Union slams farmers paying starvation wages

The General Agriculture and Plantation Workers Union is lamenting poor wages for farmers with some receiving paltry wages of $20 per month.

“The monthly wages of farm labourers are a pittance if measured against the country’s poverty datum line of $504 for a family of six,” said the union’s secretary general Gift Muti.

“Last year we agreed with farm organisations that horticulture workers would be paid $84 and general workers $55. But employers continue to pay below subsistence wages that barely cover basic necessities.”

Shadreck Nyathi, a 35-year-old farm worker at a rich horticulture estate in Marondera, said he earned $25 a month, which he shared with his four children.

Nyathi looks weary and old with his palms showing scars of years of work.
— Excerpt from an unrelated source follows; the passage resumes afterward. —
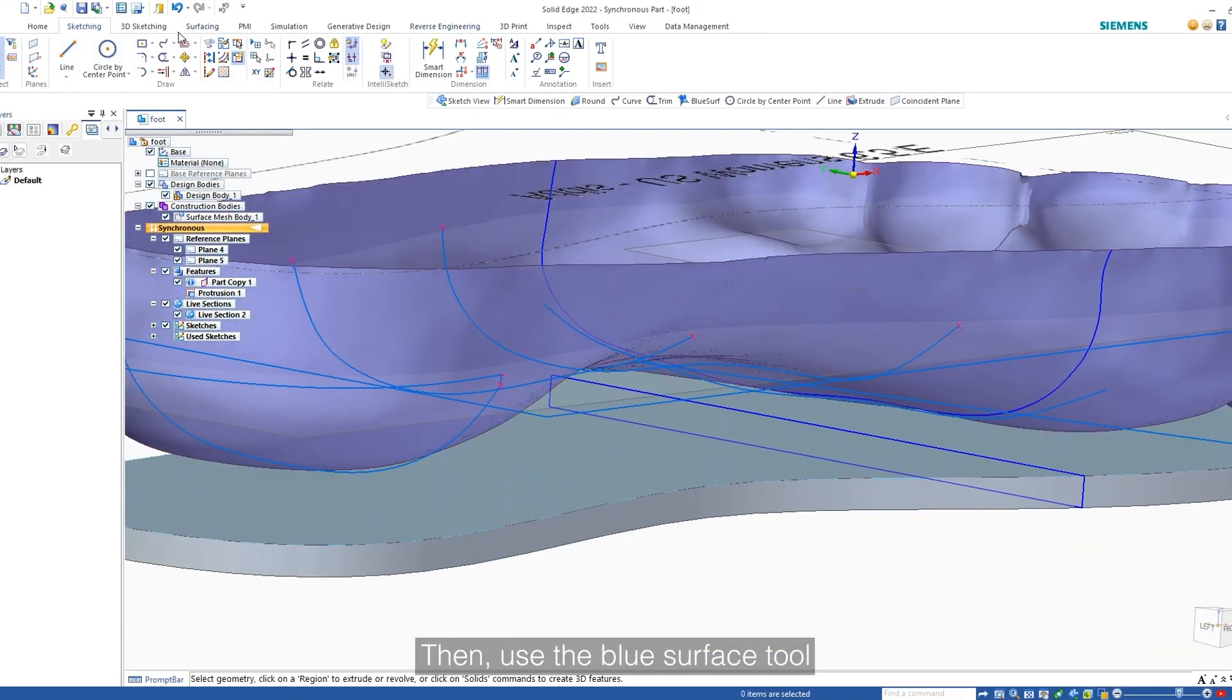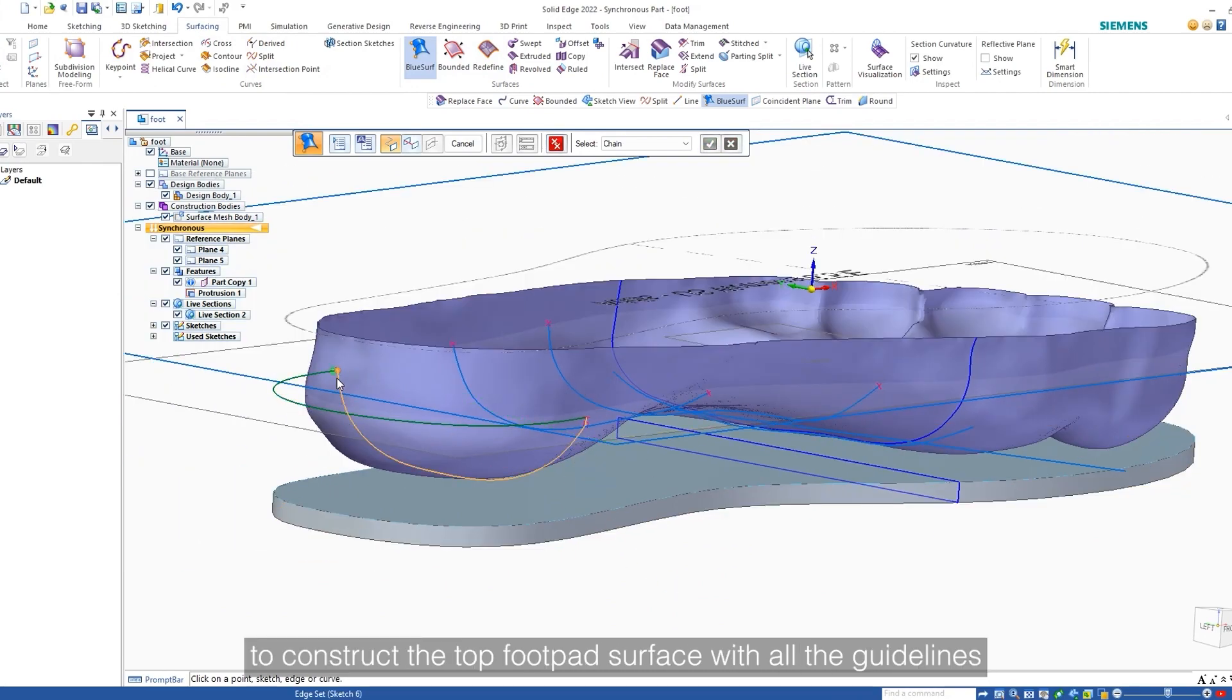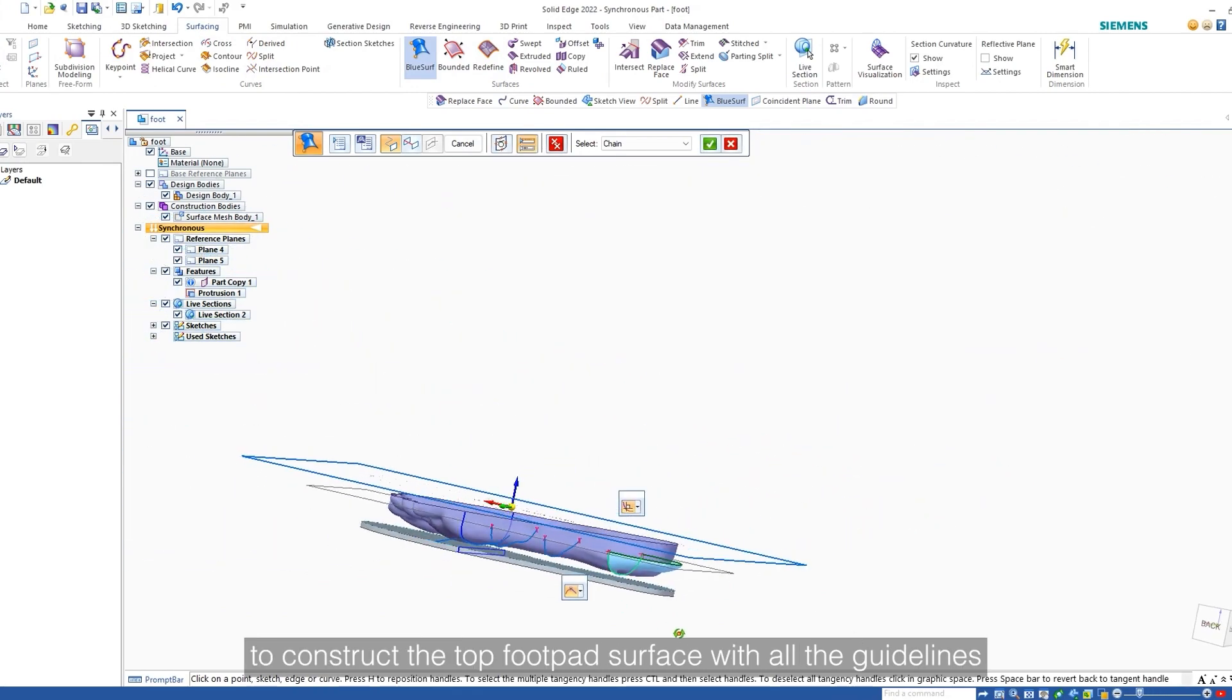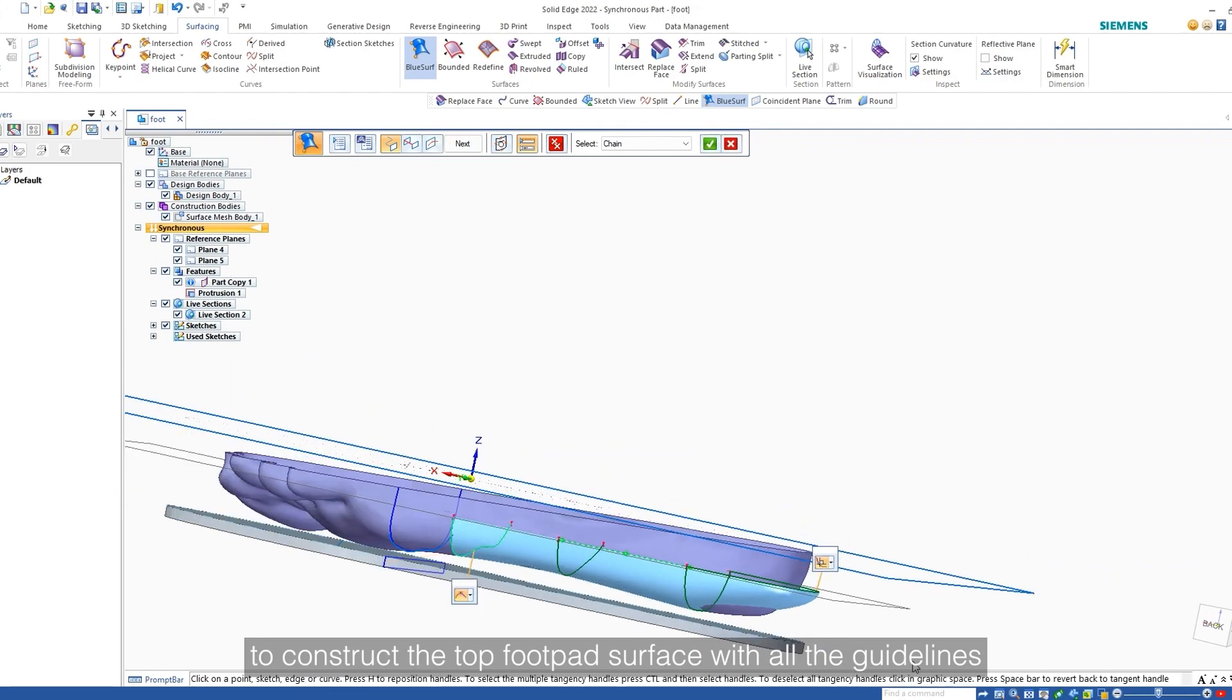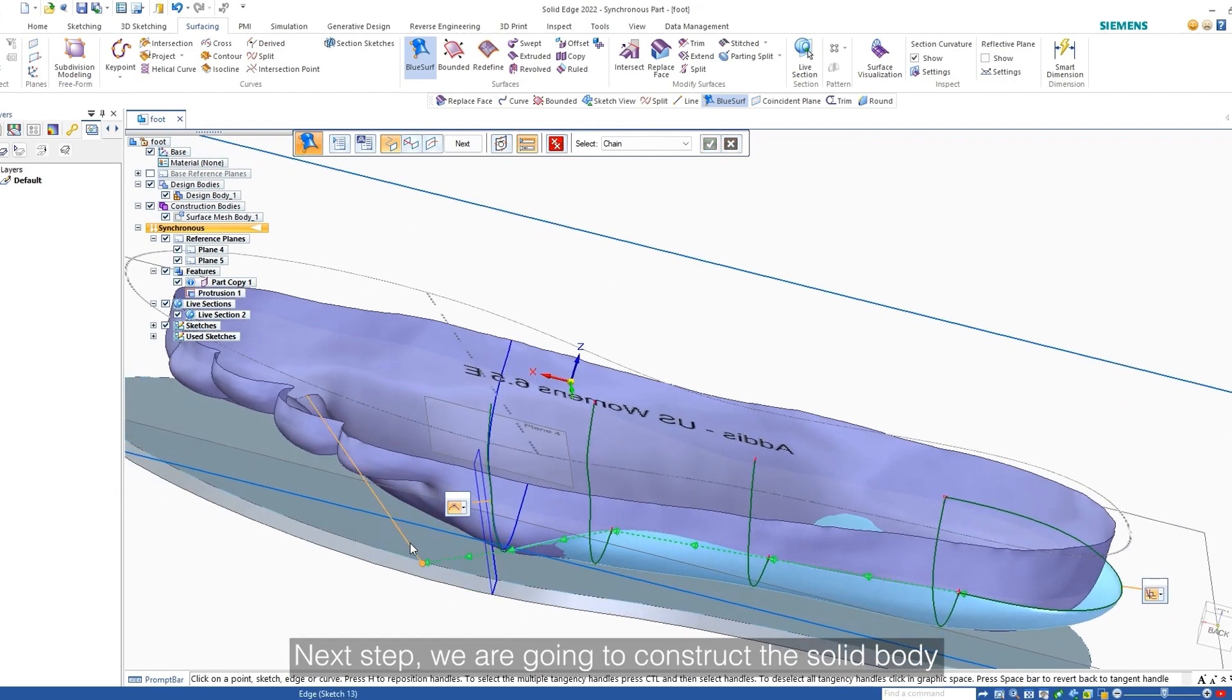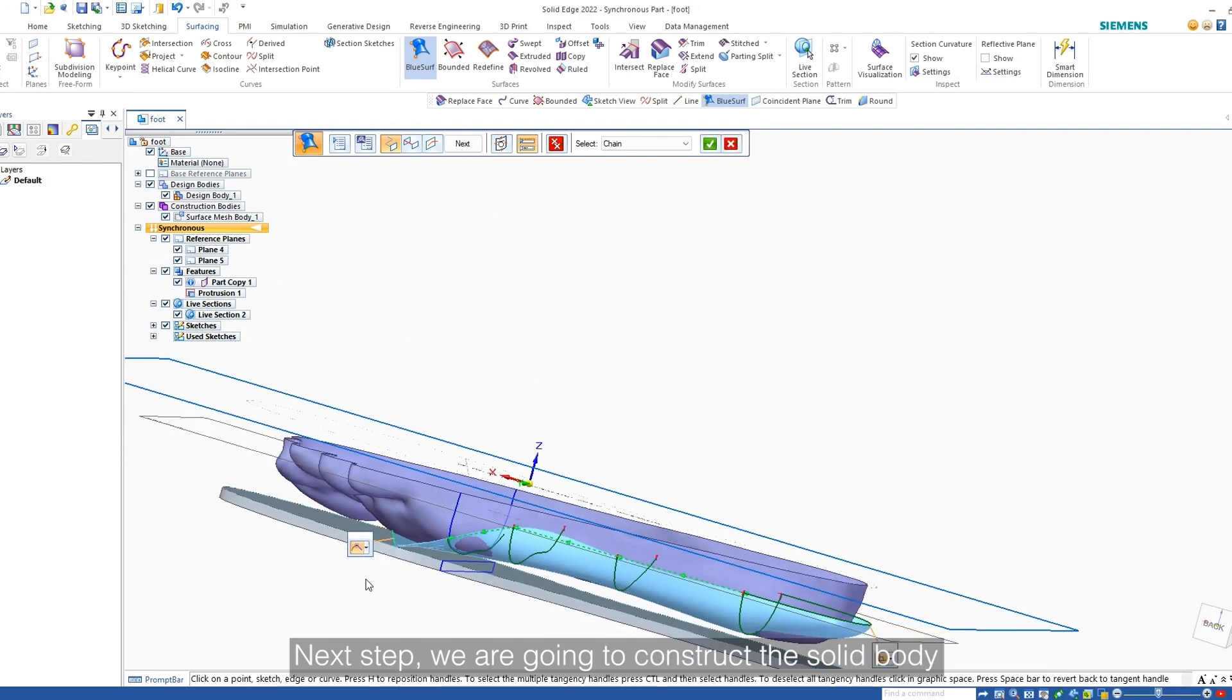Then, use the blue surface tool to construct the top foot pad surface with all the guidelines. Next step, we are going to construct the solid body.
His employer cannot even afford to supply him with uniforms – claiming the farm cannot afford it.

The vicious cycle for him continues as now, his children have dropped out of school to help support the family. Like him they may be trapped in farm life for years to come.

“Low wages affects workers’ morale and farm output,” said Muti. “Such low wages are not in the interests of the agricultural sector. Employers should improve the welfare of their workers in order to improve production.”
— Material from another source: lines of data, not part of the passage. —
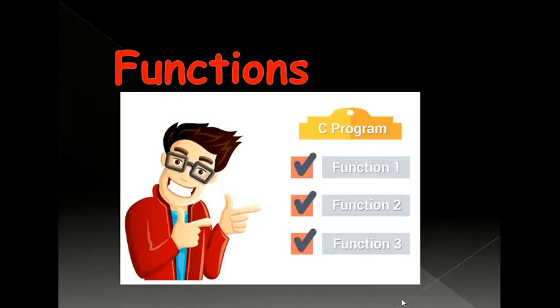Hello there. Today we would go through a video which explains the functions in C programming.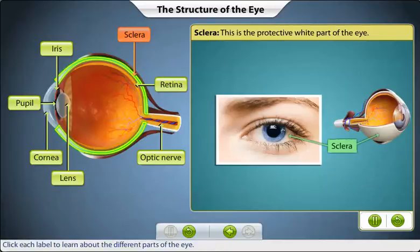The sclera, also known as the white of the eye, is clearly visible when the eye is open. This tough, white, opaque wall maintains the shape of the eyeball and protects the inner parts of the eye.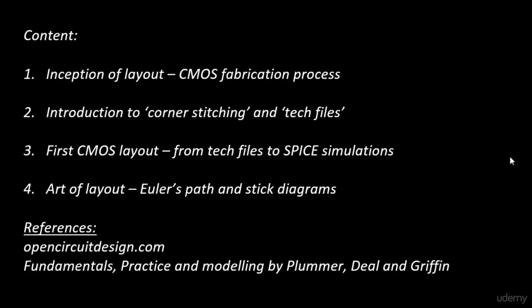These are very interesting references and books we've used to come up with this particular course. In the next video, we'll start looking into the inception of layout - the 16 mask process, which is a complete CMOS fabrication process right from the gate level to the metal one or metal two level, where we actually package the chip and bring the contacts out of the chip. All this will be covered in the 16 mask process. Let's start the 16 mask CMOS process from the next video. Thank you.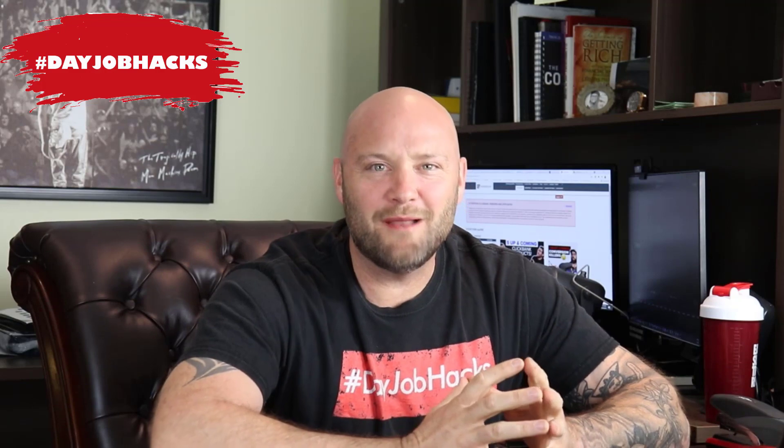Hey there, Joey from dayjobhacks.com. Thanks for tuning in today. Today I'm going to go inside my computer and build a squeeze page from scratch in under 10 minutes. If you want to build a squeeze page or otherwise known as opt-in pages, this video is for you.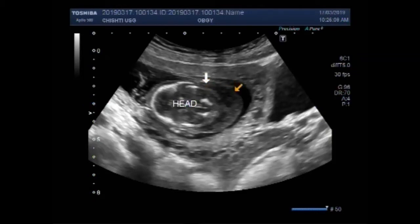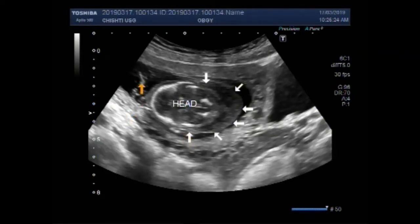The pregnancy measures about 14 to 15 weeks, and you can see all around the fetal head there is soft tissue edema. This is the soft tissue edema around the fetal head.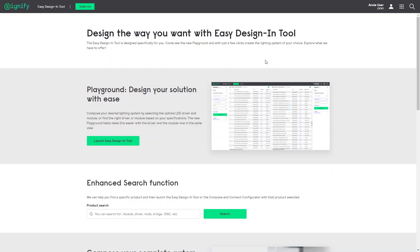Welcome to the Easy Design & Tool. Design your LED lighting system the way you want. I want to show you some examples of searching for and selecting a product or product family.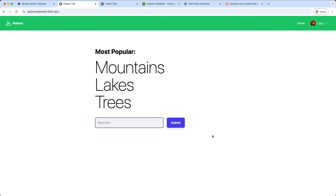This is all for this video. You now know how to create tenants in Django, how to customize them, and how to deploy them to our web server. Thank you so much for watching and supporting this channel. I hope to see you very soon. Until then, stay curious my friends. Bye bye for now.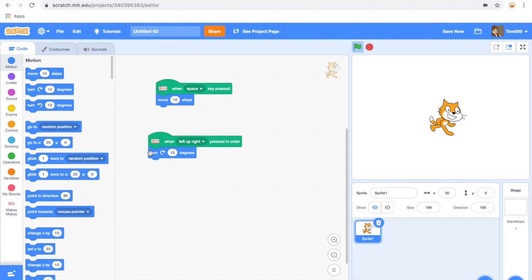This provides more combinations with the Makey Makey and allows more flexibility with using Makey Makey to perform different actions.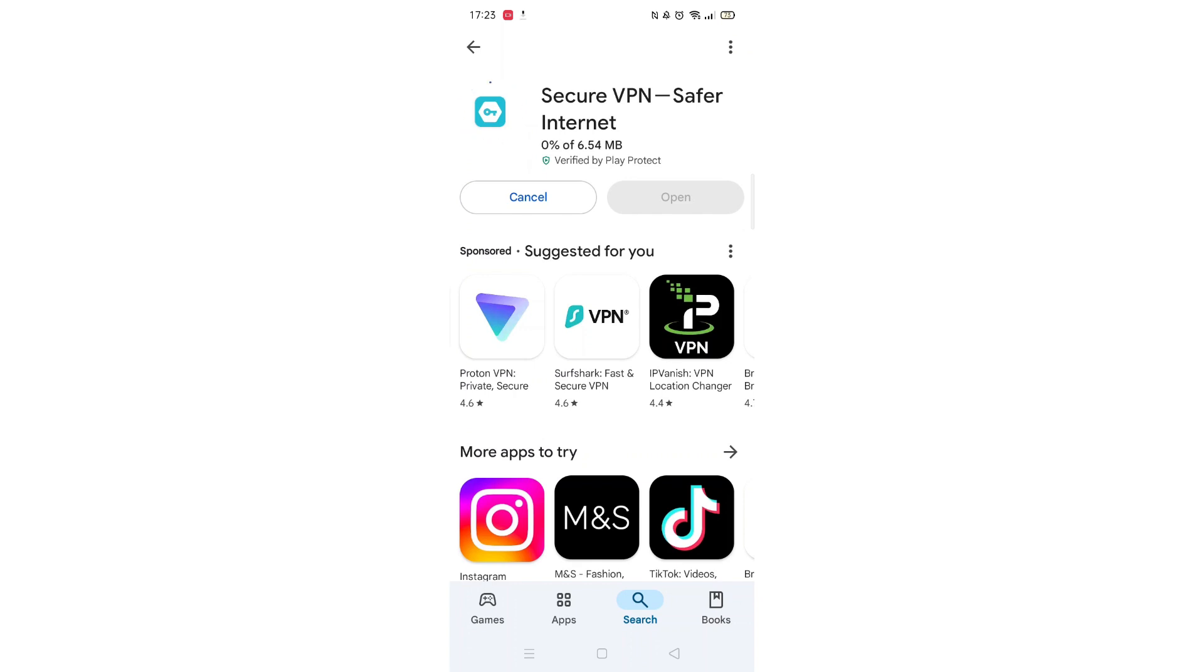Now click on the blue Install button. The app will now start downloading to your phone. This may take several minutes so hang tight.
Employers argue that the sector is underperforming, and they cannot afford to pay the agreed wages.

Muti urged “new” farmers to be serious. Some pay only $20 a month as wages, which he described as a pittance. Many are politicians and civil servants, who hardly visit the farms and do not utilise them fully. Research by GAPWUZ among its 200 000-strong membership shows many are abused by their employers – who include serving members of the army, police and war veterans.
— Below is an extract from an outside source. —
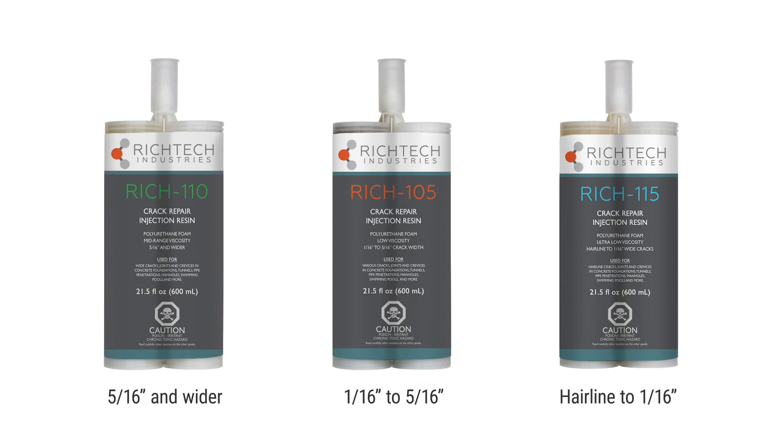Rich Tech injection resins are solvent-free, non-corrosive, and will flex along with the crack during thermal shifting. This video will give a brief overview of how to use Rich Tech injection resins.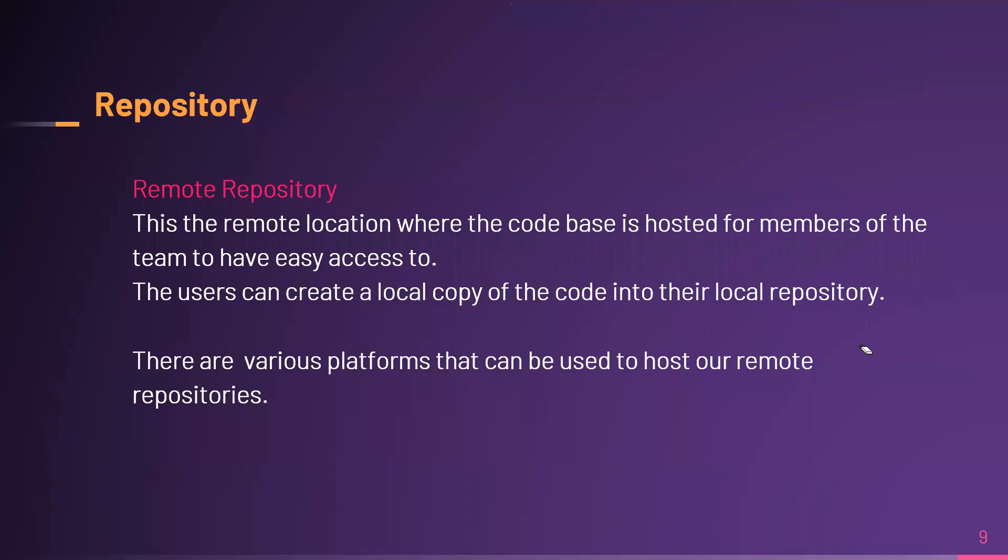So there's also, as I mentioned earlier, what we call remote repository. When we talk about remote repository, we're looking at the remote location where the code base is hosted so that any team member can access that particular information.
Muti said that the situation is worsened by the fact that most of the farm workers are from Malawi and Mozambique and do not have national registration documents. This makes it difficult to take up their cases of abuses.

But Zimbabwe Farmers Union spokesperson Tinashe Kairezi said his members understood the plight of farm workers. “It is outrageous that some farm owners are paying workers as little as $50 or even lower. We ask for government’s intervention in that area,” said Kairezi.

The President of the Zimbabwe Commercial Farmers’ Union, Donald Khumalo, said he was not aware of members who were paying low wages.